Recobra una cierta palidez, la luz es menos intensa, más tenue y plácida, menos incisiva, se aleja del agobio. El ánimo restaura una suerte de sosiego emocional que, junto a una dulce melancolía, se concita con el recomienzo de no pocas cosas, sobre todo, en aquellos ámbitos de familia en los que la infancia pisa fuerte. Septiembre.
Cambia el aire, ya con ciertas vetas de otoño, que poco a poco va venciendo el sopor del estío, las urgencias de la canícula, las rutinas y costumbres del verano por el dominio y la fuerza de la sobriedad. Los días se inician en esa liturgia lenta pero firme en su cortedad y simpleza. Ha vuelto septiembre, regresan las vísperas de la estación otoñal, la claudicación de la época estival y sus excesos. Las playas, paradigma de la simbología vacacional, al ir perdiendo concurrencia, dejarán atisbar mejor la orilla, el remanso y melodía del mar.
Los armarios mutarán, pero la soberbia y la maldad con tan solo alguna fina prenda para acompañar el atardecer, mantendrán la sinceridad de su crudeza. Crudeza que seguirá recordando una época en la el sufrimiento y la muerte de la infancia en algunos lugares, tienen que ver con que el poder, la egolatría y el dinero o la indiferencia pesan más que la humanidad y la compasión.
La luz septembrina, también, recordará como hay afrentas que no quedaron sepultadas para siempre, como el fascismo y la radicalidad que, en tiempos de una modernidad galopante, ha encontrado, por negocio y egoísmo, la manera, en parte, de volver a proclamar y ejercer su infausto ideario y la crueldad en su intento de imposición.

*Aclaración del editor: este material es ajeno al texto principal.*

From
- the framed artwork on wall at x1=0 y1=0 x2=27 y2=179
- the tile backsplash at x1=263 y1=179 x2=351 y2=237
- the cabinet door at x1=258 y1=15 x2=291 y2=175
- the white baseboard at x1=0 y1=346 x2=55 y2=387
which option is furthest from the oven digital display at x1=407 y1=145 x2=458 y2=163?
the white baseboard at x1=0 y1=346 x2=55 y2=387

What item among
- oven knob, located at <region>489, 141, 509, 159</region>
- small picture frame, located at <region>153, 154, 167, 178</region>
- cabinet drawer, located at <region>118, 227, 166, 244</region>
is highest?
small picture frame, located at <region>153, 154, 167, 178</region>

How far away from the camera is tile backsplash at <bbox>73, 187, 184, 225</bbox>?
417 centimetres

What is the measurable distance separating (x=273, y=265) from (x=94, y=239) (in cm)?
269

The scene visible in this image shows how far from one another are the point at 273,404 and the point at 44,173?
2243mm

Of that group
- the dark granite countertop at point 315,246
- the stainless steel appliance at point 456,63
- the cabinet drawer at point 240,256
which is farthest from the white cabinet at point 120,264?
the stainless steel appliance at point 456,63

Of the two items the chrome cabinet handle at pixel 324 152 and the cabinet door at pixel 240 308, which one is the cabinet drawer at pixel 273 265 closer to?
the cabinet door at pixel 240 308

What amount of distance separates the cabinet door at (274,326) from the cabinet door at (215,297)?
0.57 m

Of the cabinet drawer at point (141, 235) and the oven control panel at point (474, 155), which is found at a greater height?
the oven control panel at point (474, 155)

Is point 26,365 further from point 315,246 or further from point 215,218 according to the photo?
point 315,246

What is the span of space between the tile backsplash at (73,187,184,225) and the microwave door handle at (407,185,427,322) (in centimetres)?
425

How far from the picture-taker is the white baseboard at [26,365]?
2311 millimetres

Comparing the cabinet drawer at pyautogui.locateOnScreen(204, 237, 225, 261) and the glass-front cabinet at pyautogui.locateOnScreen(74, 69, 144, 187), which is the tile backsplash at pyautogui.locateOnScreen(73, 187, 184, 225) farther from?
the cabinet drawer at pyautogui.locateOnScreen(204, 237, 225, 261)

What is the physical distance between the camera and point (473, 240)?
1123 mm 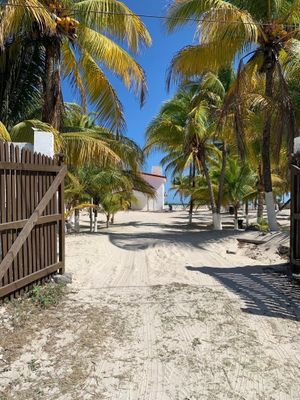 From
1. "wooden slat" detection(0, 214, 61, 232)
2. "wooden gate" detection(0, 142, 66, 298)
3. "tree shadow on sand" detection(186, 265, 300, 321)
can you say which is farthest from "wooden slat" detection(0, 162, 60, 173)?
"tree shadow on sand" detection(186, 265, 300, 321)

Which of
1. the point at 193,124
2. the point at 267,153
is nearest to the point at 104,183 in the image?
the point at 193,124

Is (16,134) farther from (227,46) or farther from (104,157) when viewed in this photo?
(227,46)

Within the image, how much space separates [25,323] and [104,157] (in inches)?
289

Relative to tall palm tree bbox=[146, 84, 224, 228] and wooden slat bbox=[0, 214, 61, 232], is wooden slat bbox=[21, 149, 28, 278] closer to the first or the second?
wooden slat bbox=[0, 214, 61, 232]

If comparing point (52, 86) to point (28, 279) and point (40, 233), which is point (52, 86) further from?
point (28, 279)

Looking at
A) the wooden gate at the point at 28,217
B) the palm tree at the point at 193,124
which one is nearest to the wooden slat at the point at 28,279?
the wooden gate at the point at 28,217

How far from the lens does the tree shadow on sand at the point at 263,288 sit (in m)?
5.07

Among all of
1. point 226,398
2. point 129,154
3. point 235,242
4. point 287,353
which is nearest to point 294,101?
point 235,242

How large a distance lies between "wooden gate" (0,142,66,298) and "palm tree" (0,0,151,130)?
5.74m

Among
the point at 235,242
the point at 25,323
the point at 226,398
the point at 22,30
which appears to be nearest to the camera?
the point at 226,398

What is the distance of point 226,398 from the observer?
3.04m

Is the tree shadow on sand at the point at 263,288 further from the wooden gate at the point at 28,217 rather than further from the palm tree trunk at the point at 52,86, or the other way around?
the palm tree trunk at the point at 52,86

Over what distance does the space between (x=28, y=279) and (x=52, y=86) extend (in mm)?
7726

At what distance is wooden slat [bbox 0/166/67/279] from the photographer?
191 inches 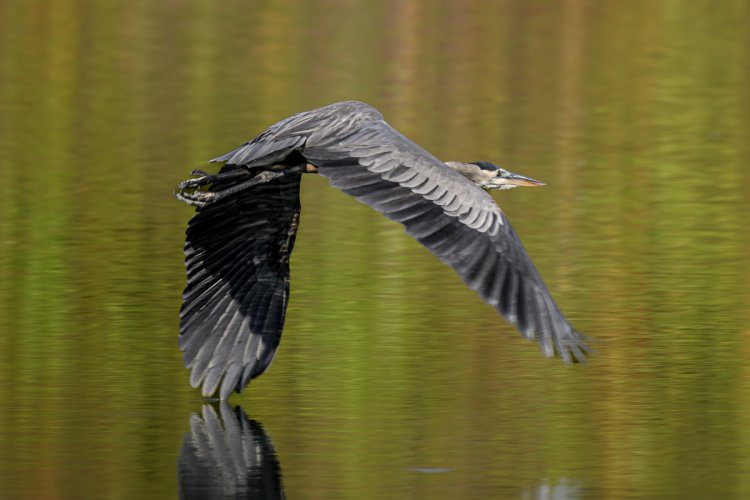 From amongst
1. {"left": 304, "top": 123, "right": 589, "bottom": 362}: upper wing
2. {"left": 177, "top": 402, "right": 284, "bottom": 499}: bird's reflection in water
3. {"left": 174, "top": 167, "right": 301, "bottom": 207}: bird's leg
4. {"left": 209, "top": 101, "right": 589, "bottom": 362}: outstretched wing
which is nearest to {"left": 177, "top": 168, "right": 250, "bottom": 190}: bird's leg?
{"left": 174, "top": 167, "right": 301, "bottom": 207}: bird's leg

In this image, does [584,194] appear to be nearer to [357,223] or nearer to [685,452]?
[357,223]

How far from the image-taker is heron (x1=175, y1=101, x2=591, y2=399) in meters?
7.22

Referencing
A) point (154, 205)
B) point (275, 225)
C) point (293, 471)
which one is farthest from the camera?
point (154, 205)

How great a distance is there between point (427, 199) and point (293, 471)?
4.35 feet

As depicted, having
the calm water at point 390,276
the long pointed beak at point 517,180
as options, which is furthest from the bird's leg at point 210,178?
the long pointed beak at point 517,180

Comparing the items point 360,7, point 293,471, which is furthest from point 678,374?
point 360,7

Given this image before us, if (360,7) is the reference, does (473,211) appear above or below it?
below

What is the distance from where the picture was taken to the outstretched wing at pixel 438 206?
6727 mm

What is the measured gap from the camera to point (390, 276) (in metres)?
10.9

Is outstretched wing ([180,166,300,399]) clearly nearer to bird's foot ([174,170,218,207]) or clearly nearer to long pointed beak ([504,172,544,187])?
bird's foot ([174,170,218,207])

Aún con los rescoldos de una parte nada desdeñable de España incendiada, viene, así mismo, la rememoración, de quienes, algunos, elevadas autoridades vestidas de patrioterismo (incluidas pulseritas que deben ser ignífugas) en plena pelea en el reparto de culpas y responsabilidades y tras haber sacado del fondo de armario los recursos que “Coronel Tapioca” o la indumentaria de barbacoa dominical tienen para las ocasiones, se confrontaron a tantos y tantos recursos humanos de los servicios públicos de emergencias y particulares. Estos con la ropa ennegrecida, piel y cuerpo ajados, exhaustos, se dejaron lo mejor de sí para recordarnos que, de todo este gran calamidad se vuelve a sacar una conclusión: la solidaridad, empatía y esfuerzo siguen con buena salud en el país.
Los primeros, en su afán de continuar con el enfrentamiento partidista, recordaron que en septiembre realmente no comienza el ciclo político, no, continúa en ese afán de bronca a las que ni siquiera unas circunstancias pavorosas y de pérdida terrible hacen renunciar. No falta, tampoco, bien entrenados que están, los que pretenden decretar la convivencia cuando, en su manera de actuar, la tolerancia, alimento de ella, es huera. De momento, soportarse, ya es un logro.
Y así llega septiembre, los preludios del otoño, ajustando horarios, regulando sueño, reiniciando rutinas, desgranando retos, buscando esperanzas y, al fin y al cabo, observando y sintiendo la vida que, hacia las postrimerías de un año en su último cuatrimestre, reseña lo desigual que es la realidad para todos cuando se le quiere manipular y que hace que se vuelva terca. Demasiado ruido, poca verdad.